Tous ces avantages donnent à la forêt une importance nouvelle. L’augmentation des surfaces boisées aurait donc un intérêt fort, d’autant qu’elle peut se faire sans regret puisque présentant des atouts multiples dans d’autres domaines, écologiques (réservoir de biodiversité ou de ressources génétiques, protection des sols, purification de l’eau…) ou sociaux (accueil du public, paysage…). Il faut néanmoins prendre garde à éviter certaines erreurs comme le stockage de volumes trop importants de bois sur pied (peuplements denses) qui les rendrait plus fragiles aux effets mêmes du changement climatique qu’on veut atténuer (sécheresses) et aux tempêtes. Il y a donc là un créneau à saisir, mais de façon judicieuse.
Un capital à entretenir
La forêt occupe plus du quart de la surface nationale mais reste le parent pauvre au sein du ministère de l’Agriculture dont elle dépend. Le long terme qui la caractérise ne favorise pas les spéculations économiques et bien peu de propriétaires forestiers privés (qui détiennent trois quarts des surfaces) vivent de leur forêt.
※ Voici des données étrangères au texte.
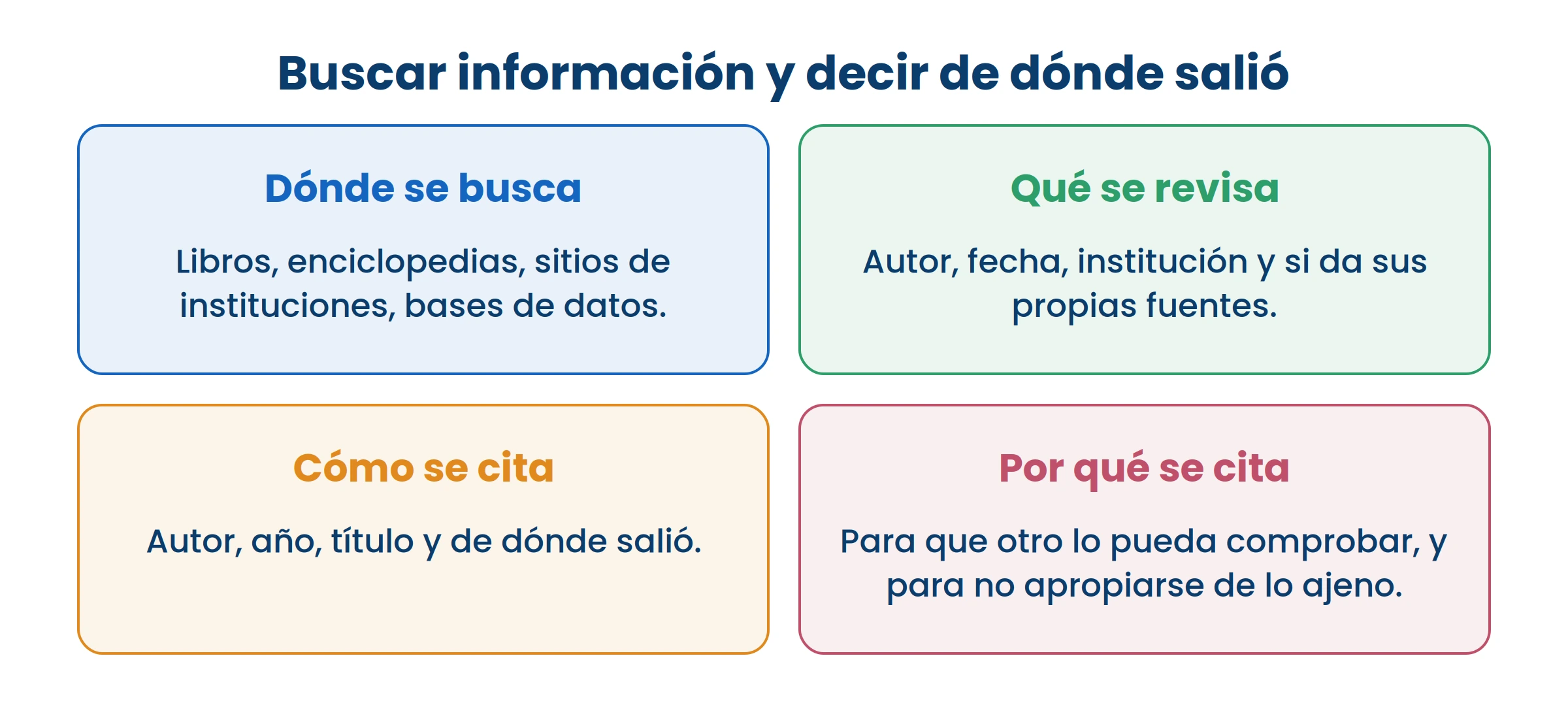 Citar no es un trámite: es la manera de que otro pueda comprobar lo que decís.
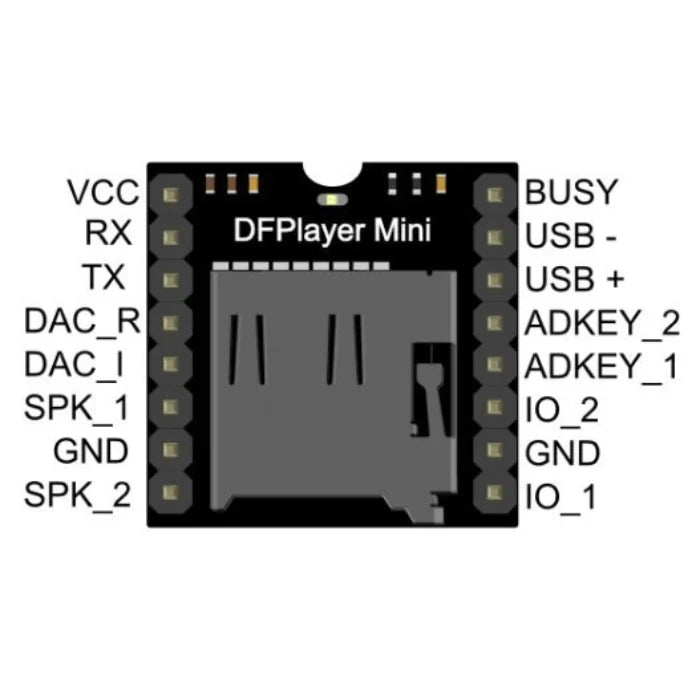 Mini MP3 Player DFPlayer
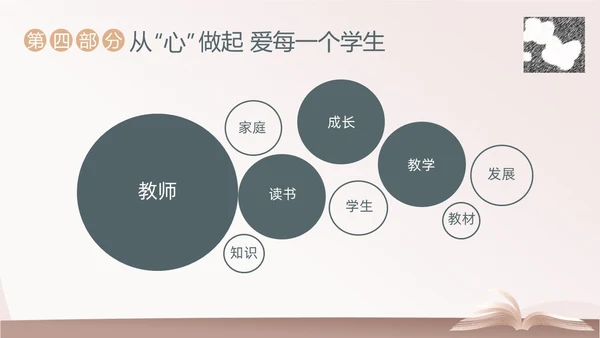 给教师的建议好书分享阅读读书分享会PPT课件
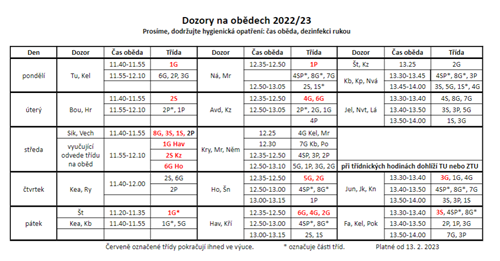 richtext-3094-rozpis-obedu-20-02-2023.png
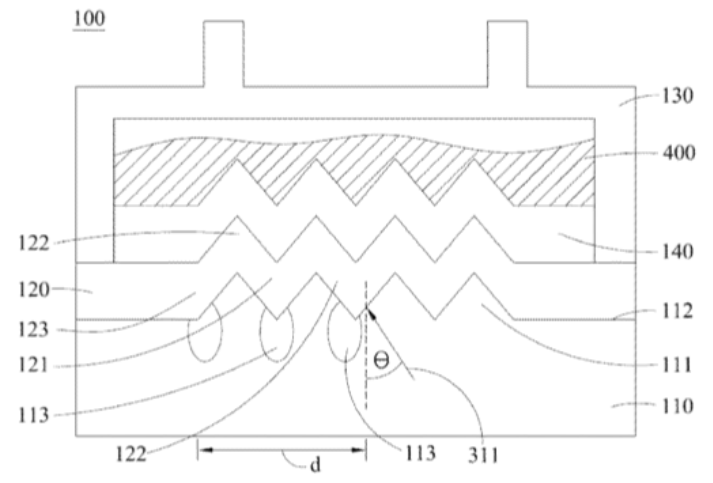 【專利核准公告】P101009A-雙面光柵波導生物感測器「DOUBLE-SIDED GRATING WAVEGUIDE BIOSENSOR」 【專利核准公告】P101009A-雙面光柵波導生物感測器「DOUBLE-SIDED GRATING WAVEGUIDE BIOSENSOR」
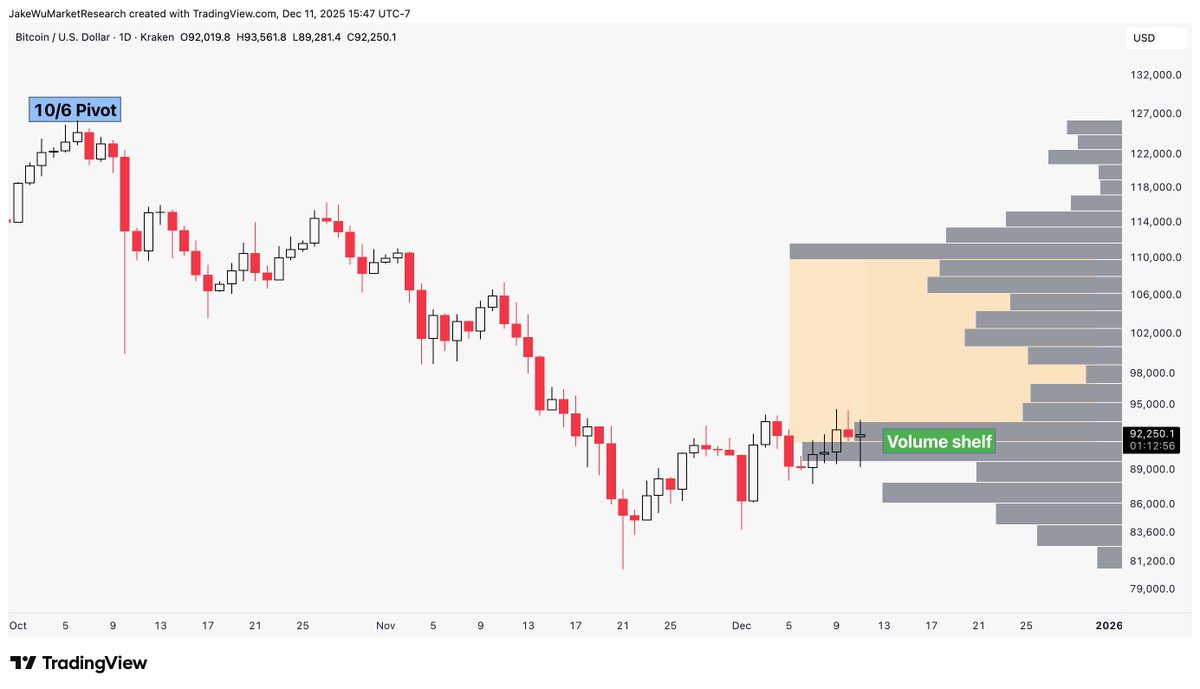 Jake__Wujastyk's tweet photo. #Bitcoin Massive volume gap above if the daily candle can close above this volume shelf at $93,375. 

$BTCUSD https://t.co/4w48uadH3f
Peu de propriétaires privés vivent de leur forêt
Les risques importants, notamment de tempêtes, ne sont généralement pas couverts par les assurances, et les catastrophes successives, tout comme la réduction régulière des aides au boisement, constituent des éléments importants de démotivation.
Un danger perceptible
La disparition de l’état boisé et le développement des friches, déjà perceptibles suite aux récentes tempêtes, notamment dans les Landes, seraient dramatiques car sources à leur tour d’accroissement des risques (incendies), de déstockage de carbone, de désorganisation de la filière bois et de disparition de nombre d’avantages écologiques et sociaux.
Dans ce contexte, les incertitudes supplémentaires liées au changement climatique posent problème. S’il s’avérait que des dépérissements importants se généralisent dans les cinquante ans à venir, il est peu probable que les sylviculteurs puissent faire face seuls au renouvellement des peuplements. On assisterait alors à un désintérêt pour la forêt que seuls les aspects affectifs et patrimoniaux permettent aujourd’hui de contrer.
Il en résulterait un abandon des surfaces dépérissantes à elles-mêmes, une disparition partielle de l’état boisé et un enfrichement généralisé qui suivrait la remontée des influences méditerranéennes vers le nord. Seul un programme forestier ambitieux, amorcé en 2009 par le discours prononcé à Urmatt (Bas-Rhin), par le président de la République (19mai 2009), mais étendu à l’amont de la filière, pourra contrecarrer ces tendances.
Une période charnière
La forêt française est aujourd’hui dans une situation charnière, à la fois cible du réchauffement et moyen de l’atténuer. Plusieurs de nos essences ancestrales sont menacées, des certitudes techniques sont à reconsidérer, des recherches sont à réorienter.
La forêt, à la fois cible du réchauffement et moyen de l’atténuer
Après un grand dynamisme de reboisement jusqu’à la fin des années quatre-vingt soutenu par le Fonds forestier national, le soufflet est retombé sous l’effet de la réduction des investissements et de catastrophes à répétition. Les évolutions climatiques, brutales à l’échelle des cycles forestiers, lui porteront-elles le coup de grâce ou seront-elles l’occasion de redynamiser la filière ?
1. Ces besoins propres à chaque essence caractérisent son » autécologie ».
2. Groupe intergouvernemental d’experts sur l’évolution du climat.
3. Une station est une étendue de terrain bénéficiant de conditions homogènes de climat, sol, topographie et végétation.